The days before the transfer passed more slowly than Tae-Hyun expected.
Helix Crown seemed to sense the coming change. Meetings shifted. Clearances updated. Security ran silent sweeps through lower levels. More people he didn't recognize appeared in corridors that once belonged only to routine.
B11 grew busier.
Crates arrived sealed in fresh polymer wraps. Cryo-units were checked twice, sometimes three times, before being cleared for movement. Transport schedules overlapped in ways that forced night crews to stay longer.
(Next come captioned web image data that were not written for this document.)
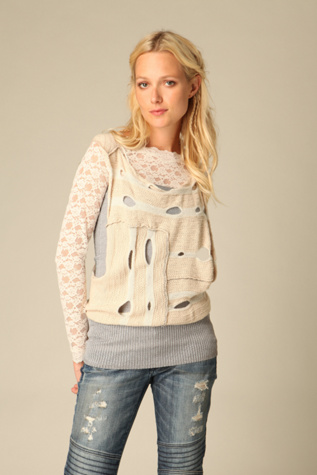 Ivory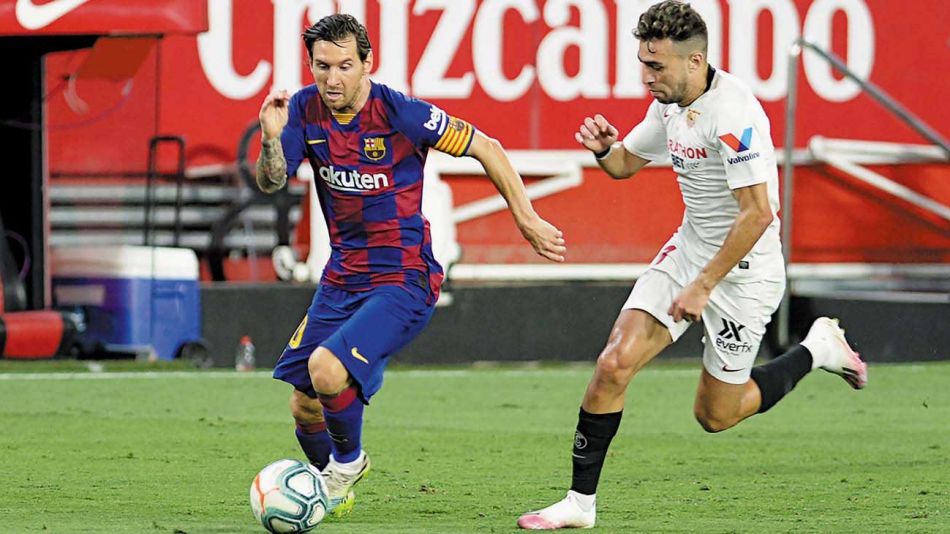 20200620_messi_sevilla_afp_g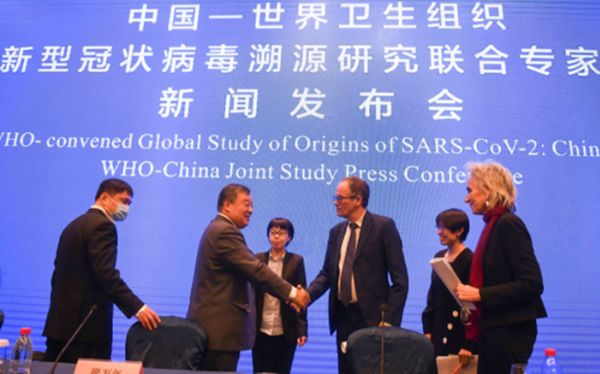 西方媒体想用他妖魔化中国，如今却被他亲自打脸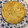 El cooksnap de Irene-Guirao cuando hizo Tortilla de patatas clásica con cebolla.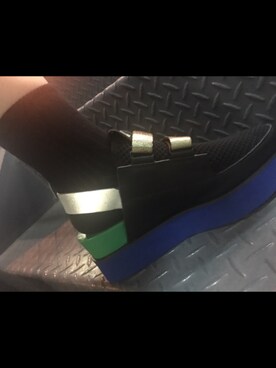 airiさんのコーディネート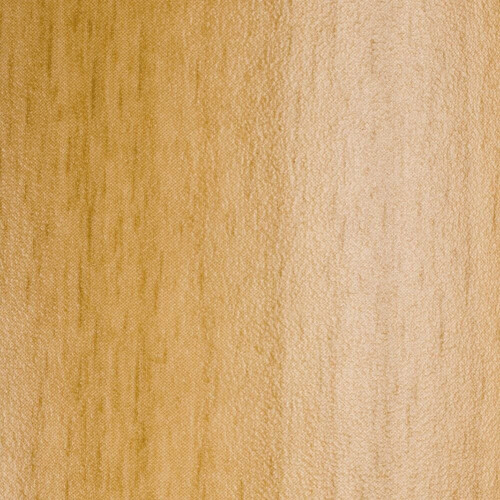 (0.93m, Beech) A02 30mm Aluminium Wood Effect Flat Self Adhesive Door Threshold Strip 2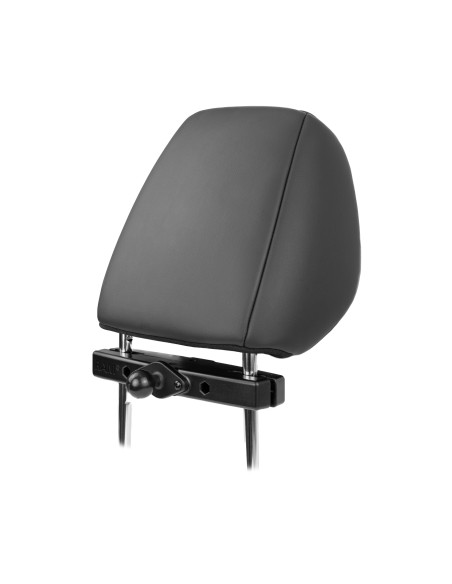 RAM® Headrest Ball Base RAM® Headrest Ball Base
The system was tightening.
He moved through it quietly, doing what he had always done best—watching, memorizing, waiting.
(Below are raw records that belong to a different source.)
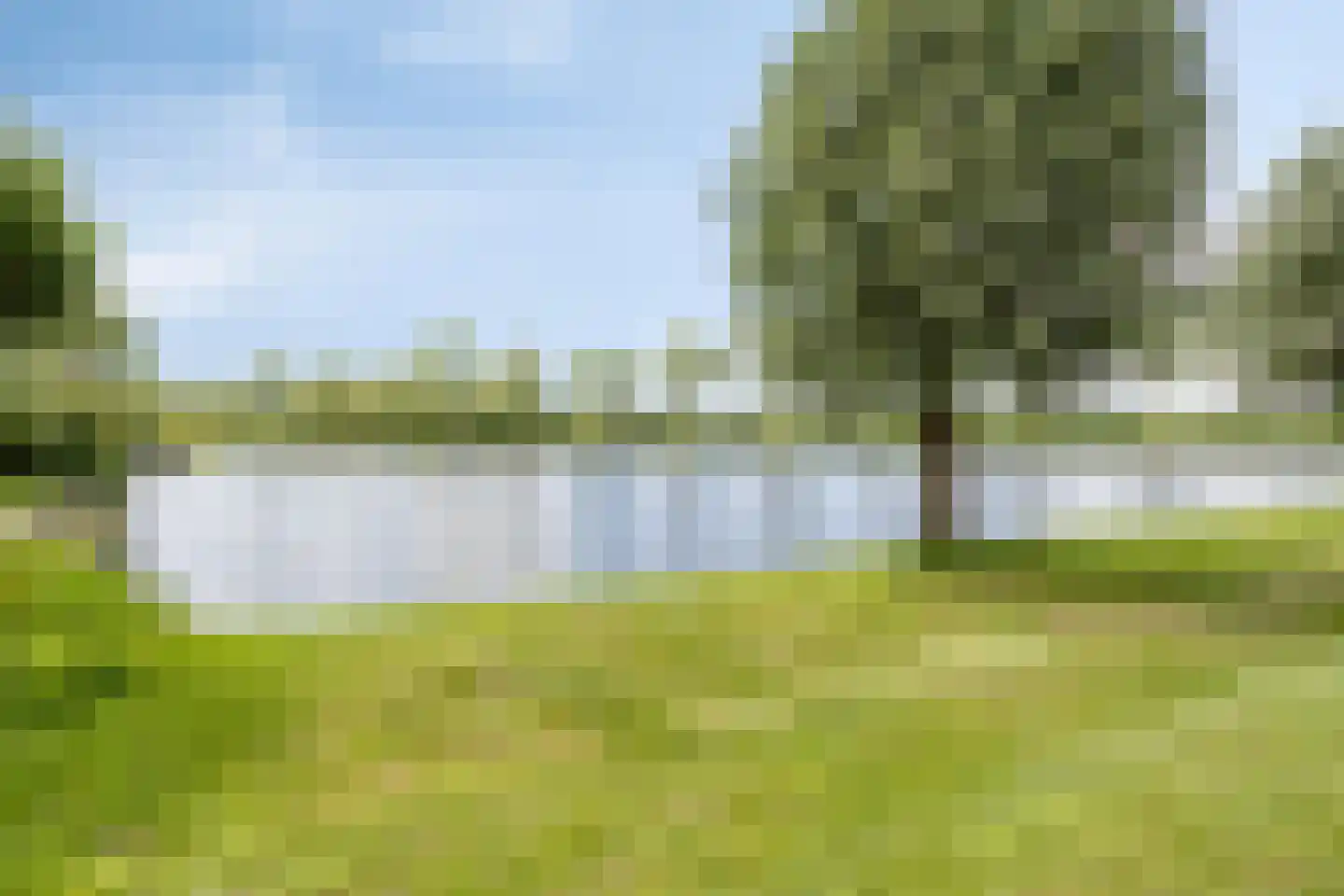 Roefke 20 Joure thumbnail 40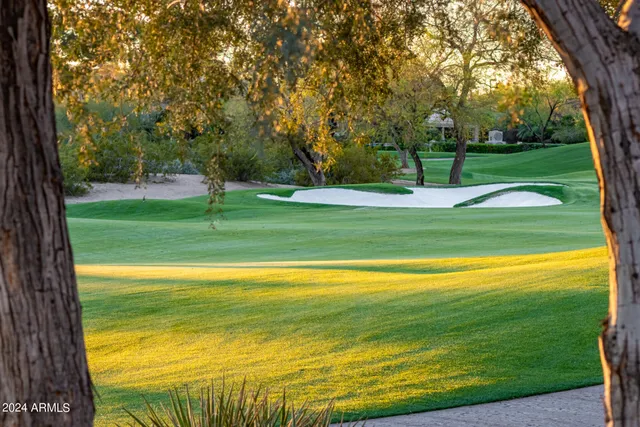 $13,000 | 17220 North 79th Street, Scottsdale, AZ 85255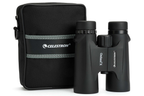 Celestron Outland X 8x42 (71346)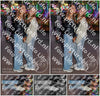 Evenement foto: 2916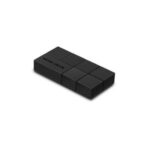 Switch Mercusys 8 Puertos MS108G
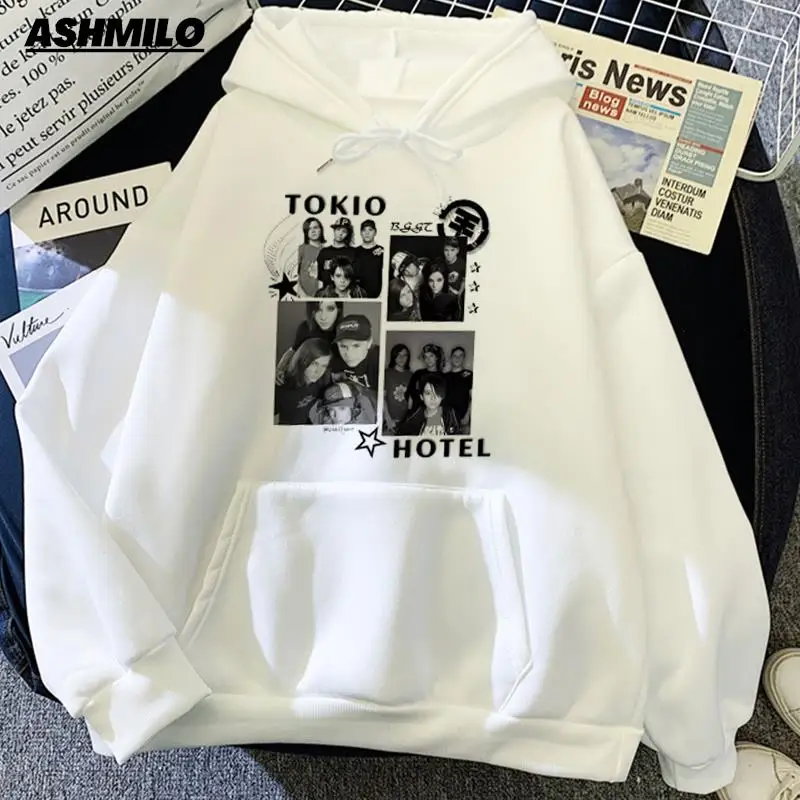 

Men's and Women's Autumn Cotton Sweaters Hoodies, High-Quality Prints That Do Not Come Off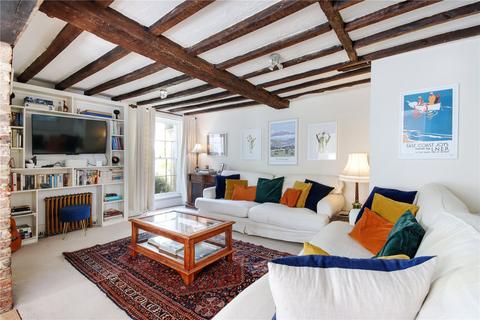undefined, Little Mount Sion, Tunbridge Wells, Kent, TN1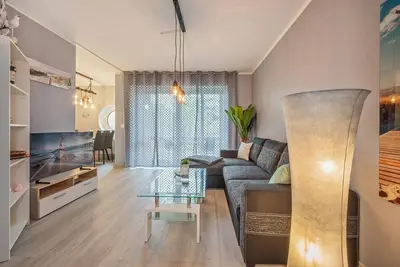 Image de Domizil Seeblick - fantastic location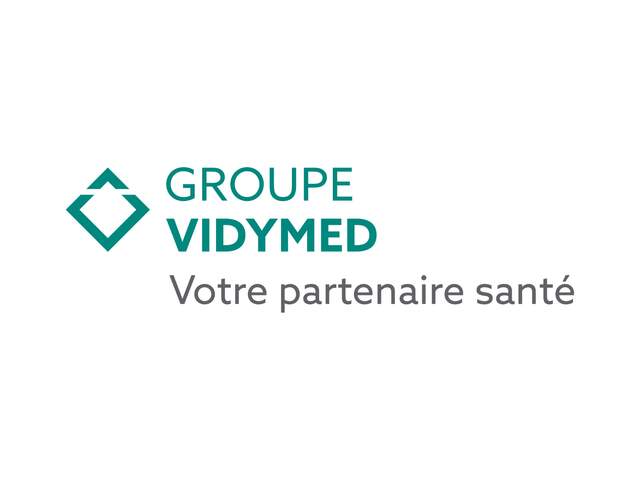 Logo Baseline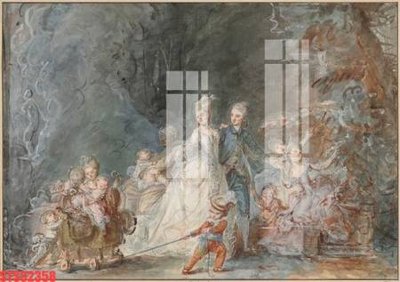 File tranh Tranh sơn dầu phương tây tổng hợp STS32358 (ảnh gốc) sắc nét hoàn hảo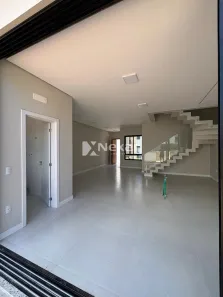 Casa com 3 Quartos à venda, 177m² no Beira Rio, Biguaçu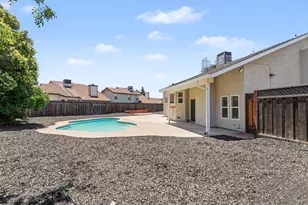 382 Gikas Ln, Turlock, CA 95382 - Photo 52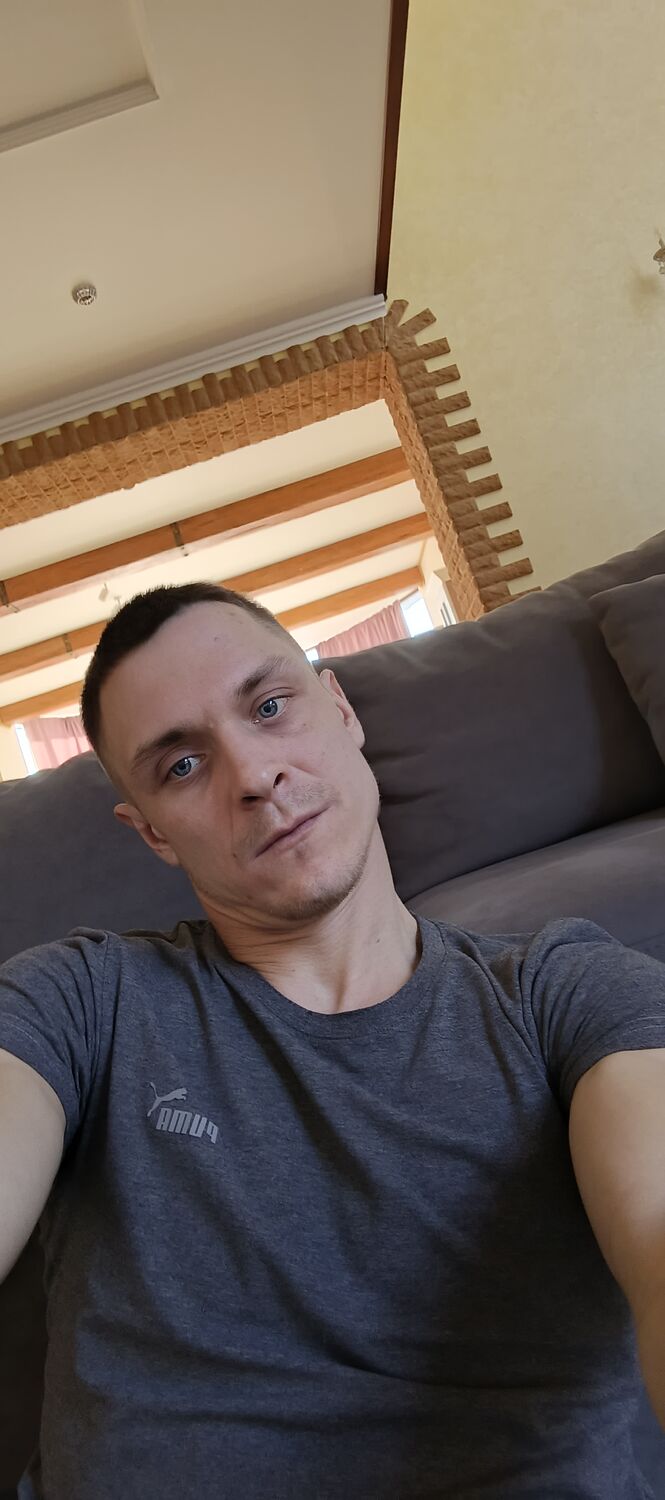  50127646  , 34 ,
He learned which shipments were rushed.
Which technicians avoided certain containers.
Which supervisors signed without reading.
By the end of the week, he could trace the rhythm of a transfer from request to departure without touching a terminal.
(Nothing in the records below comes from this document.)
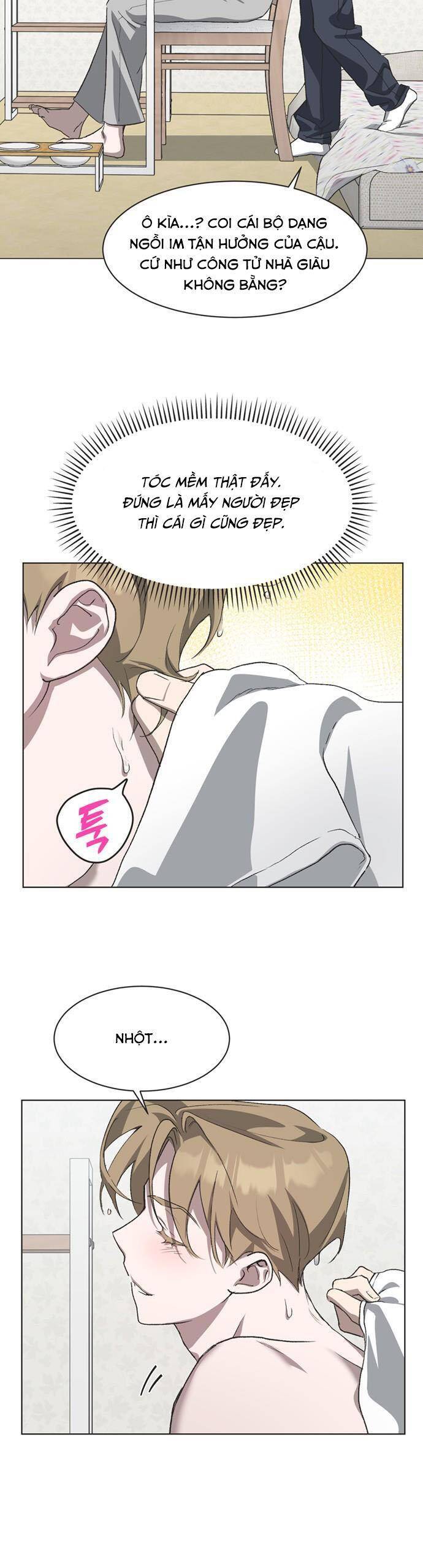 Chapter 77 - Image 4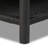 Deirdre Solid Wood Top Single Coffee Table-1394686630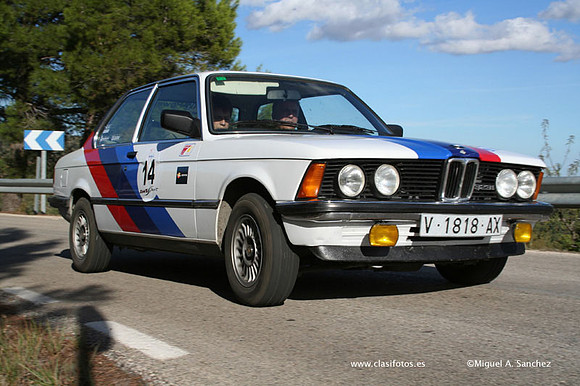 RallyTuris291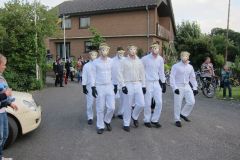 Schutzenfest_2012_626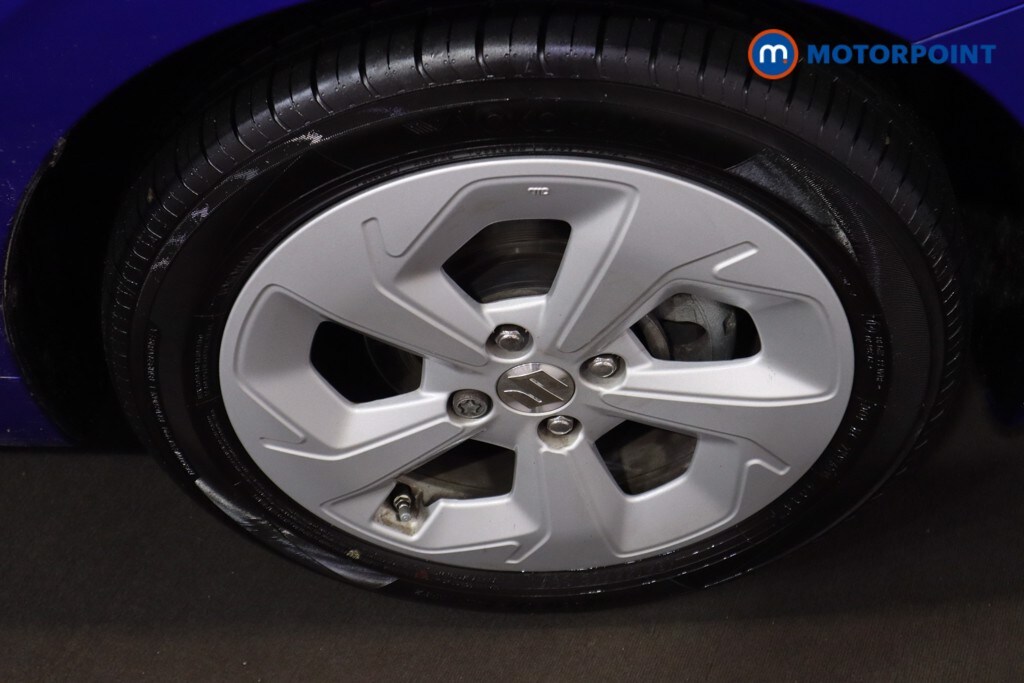 Used Suzuki Swift 2025 for sale - 76710351: Photo 31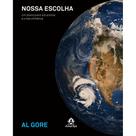 Livro - Nossa escolha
W-03 appeared on manifests almost every night.
Always with increased volume.
Always with higher security tags.
Whatever waited there was no longer experimental.
It was operational.
He met Dr. Seo twice before he left.
Once in the lab, where they reviewed the coastal facility's limited public records and the personnel files she had managed to unseal. The director's name. Two department heads. A security contractor that didn't officially exist.
Once outside, in a quiet café near the hospital, where neither of them brought a tablet or spoke about Helix.
She drank tea.
He watched the street.
They talked about small things.
A new ward being opened upstairs.
A bakery that had closed down the block.
The way the city felt different when you walked instead of drove.
It was easier than talking about what lay ahead.
When they stood to leave, she hesitated, then pressed a small card into his hand.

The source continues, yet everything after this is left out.